Giants Trade for Ryan Garko

Well, you can't say the Giants aren't trying.

Yesterday, as reigning Cy Young Award winner Tim Lincecum made perhaps the best start of his young career, the Giants front office was completing a trade for the Cleveland Indians' Ryan Garko, a 28-year old firstbaseman who bats right handed and has a 906 career OPS against left handed pitching (960 this year). The trade allows the Tribe to give rejuvenated prospect Andy Marte a long look at first base for the rest of the year.

The Indians get 21-year old LHP Scott Barnes, who was ranked by Baseball America as the Giants' 9th best prospect this year.

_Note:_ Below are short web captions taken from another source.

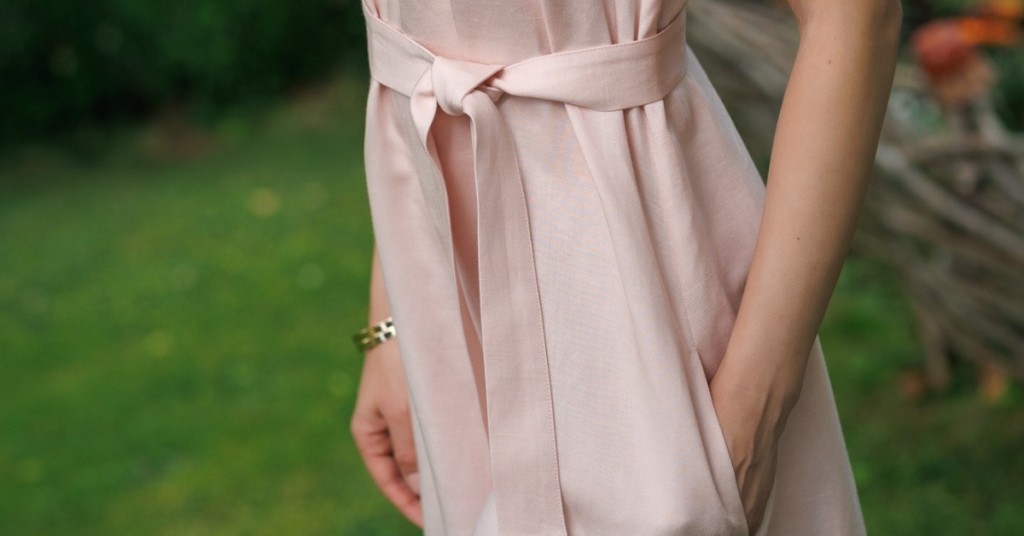 woman wearing a pink jumpsuit with wide legs made of lyocell and linen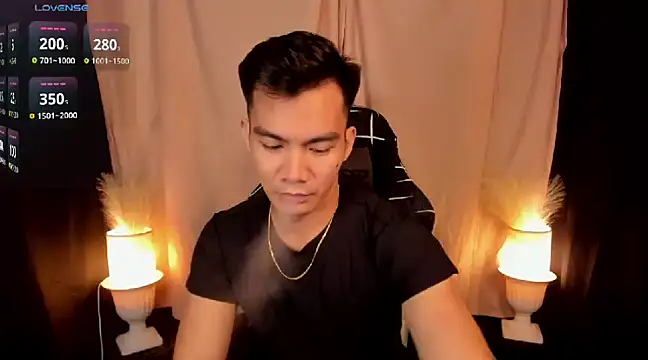 000batman000 online show from February 5, 2025, 1:22 pm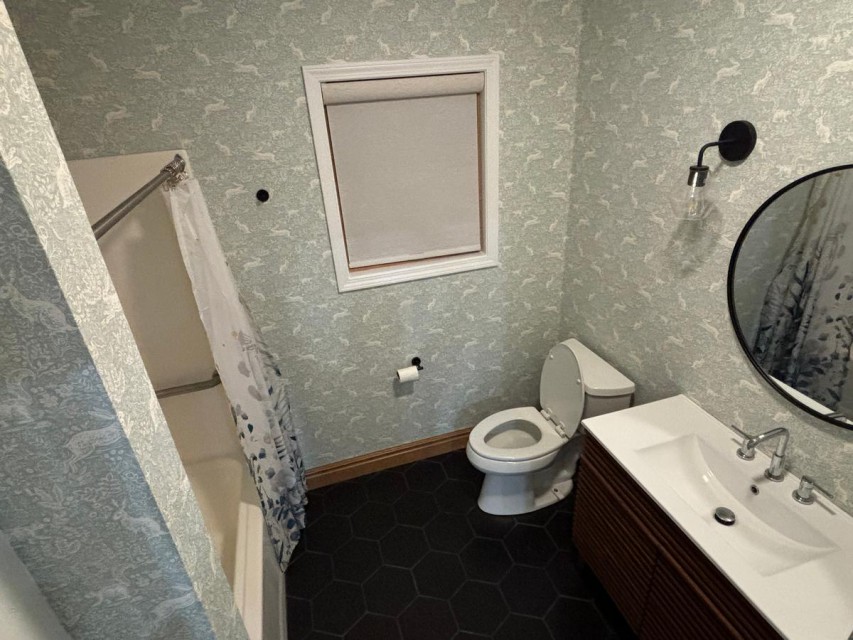 Shared Bath for Bedrooms 2 and 3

Nothing he's done since then has tarnished that reputation, as he's fanned 99 batters in 98 innings in High A ball this season, going 12-3 with a 2.85 ERA for San Jose.

Garko's eligible for arbitration after this year and is expected to be a part of the team in 2010, but then as Rob Neyer points out, so was A.J. Pierzynski. In talking up the trade, Giants GM Brian Sabean had this to say about Garko:

"Professional hitter, really punishes left-handed pitching. [The trade] complements what we're trying to do to develop Ishikawa. The timing was right. He can drive in a run. He can hit a three-run homer."
I know what Sabean's trying to say here, and though it's hitting below the belt a bit, I would just like to point out the following: Ryan Garko has hit a three run homer twice already this year. Travis Ishikawa has done it three times. So there.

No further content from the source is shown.